RWB Porsche 911: What's The Hype And Why Does It Cost More Than Your House?

Purists love to hate Porsches built up by RAUH-Welt BEGRIFF. They'll see a man actively smoking a cigarette as he takes an air-powered reciprocating saw to the fender of a perfectly good Porsche 911, and they'll wonder why. What could be the appeal of this riveted-together, hacked-up 911? Why waste such a nice car? Well, allow me to explain: RWB Porsches are cool as hell, and their wide, aggressive aesthetic alone is justification enough for their existence. 

Of course, there's more to it than just looks. RWB's Akira Nakai is not only a design genius, but a man with an impeccable eye for detail. RWB Porsches are beautiful, uniquely crafted, meticulously built, and they have their own heritage and community around them — just, maybe not the same community as the folks cruising down sunlit Los Angeles streets at 10 mph just for Instagram reels and throwing spec sheets at each other on Rennlist. 

It's not supposed to be classy

The RAUH-welt BEGRIFF name translates to "Rough World Concept," and it comes from Nakai-san's old drift team Rough World. Nakai drove an AE86 back in the 1990s, but he worked at a Porsche shop that piqued his interest in rear-engine performance. He used the money from that job to buy himself a 1985 911 — the car that would go on to be known amongst RWB fans as Stella Artois. It's Nakai-san's favorite beer. 

Stella Artois was low, wide, loud, and unlike any other Porsche. It certainly wasn't the first widebody Porsche ever built, but it may well have been the most extreme at the time. It was also a driver's car — its lines weren't perfect, its rivets weren't filled and paint-matched. Stella Artois wore its modifications as a badge of honor, the way drifters proudly show off the stitched bumpers on their missiles.

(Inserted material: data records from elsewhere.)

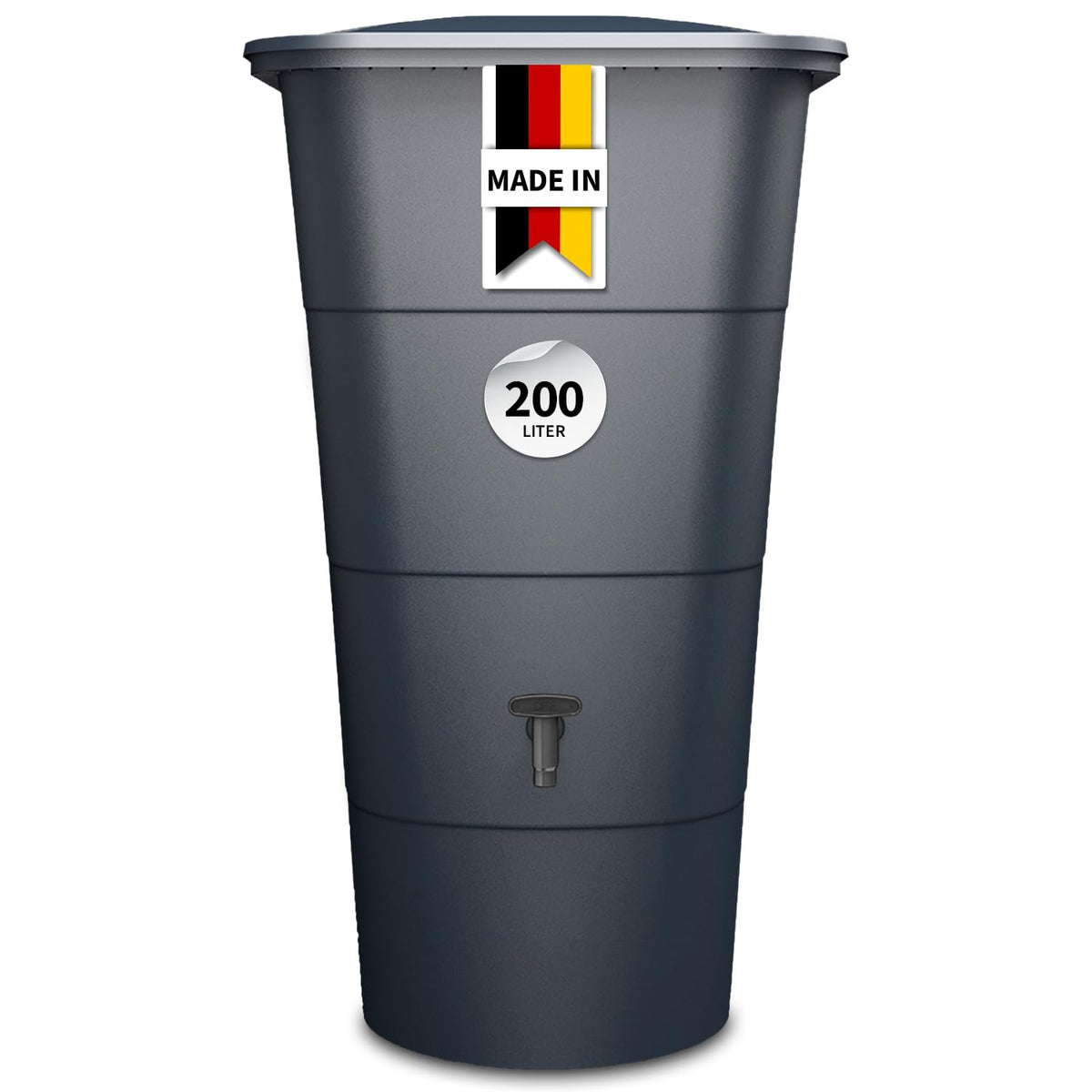 GARANTIA Ibiza Regentonne eckig 200 Liter Graphite Grey mit Deckel, eckige Form, matt strukturierte Oberfläche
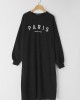 Women Sweatshirt Letter Printed Calf Length O  Neck Casual Midi Dresses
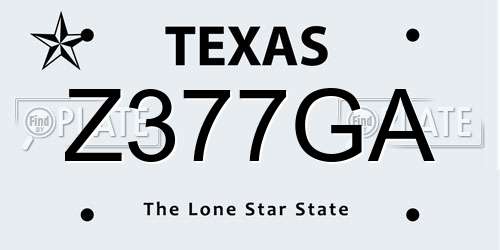 Z377GA Texas License Plate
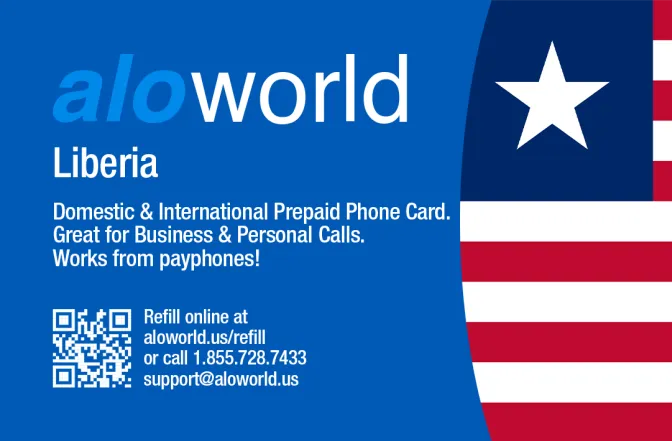 Aloworld liberia Calling Card. Call liberia from USA & Canada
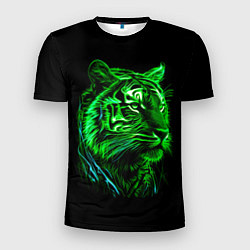 Футболка спортивная мужская Нейросеть: неоновый зелёный тигр, цвет: 3D-принт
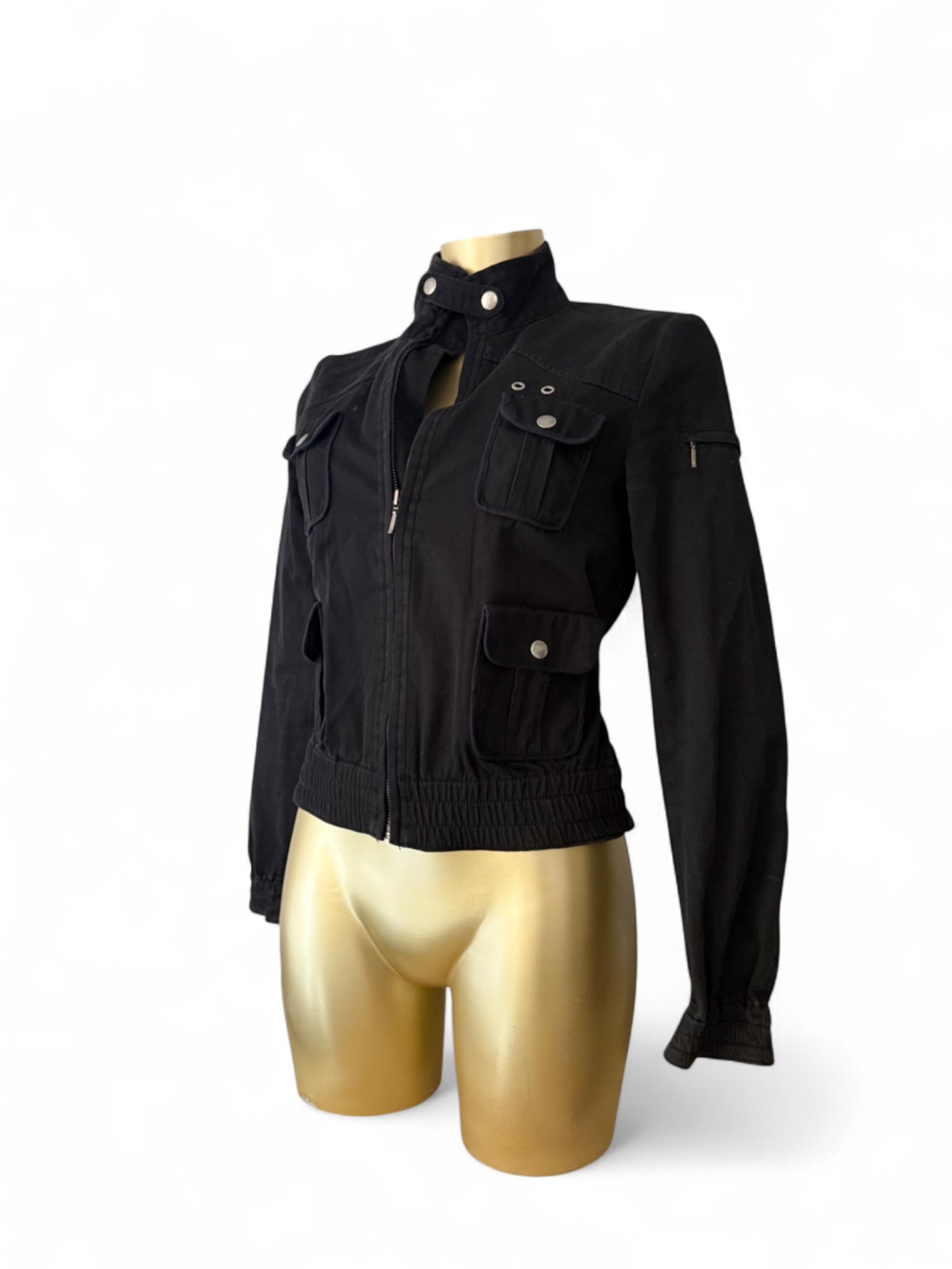Black denim zip up biker jacket (XS/S)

The spirit has remained the same

Nakai-san still builds RWBs by hand. You order the kit, get it paint-matched to your car, and Nakai shows up to cut your car up with his trusty air saw. It'll cost you more than some entire cars — estimates from folks who know multiple RWB builds peg the cost at $40,000 — and at the end of it you'll have one of the most reviled Porsches that Reddit has ever seen. RWB is sort of the anti-Singer: The latter approaches Porsches with a very precise touch, tastefully updating them with a focus on preserving heritage and pedigree, while Nakai-san hits them with a hacksaw and makes something truly different. 

People love to complain about RWB craftsmanship online, saying that these buckwild 911s are slapped together without care. They're wrong — Nakai-san has an incredible amount of care for every RWB, he just doesn't care about the same things as online Porsche loyalists. The exposed rivets, the chopped-up fender liners, they're all part of the appeal. RWB cars get driven hard, they attend Nakai-san's annual Idlers 12-hour race named for the brand he spray paints on every RWB tire. Every RWB Porsche maintains the spirit of that first Stella Artois 930, and they're all better for it.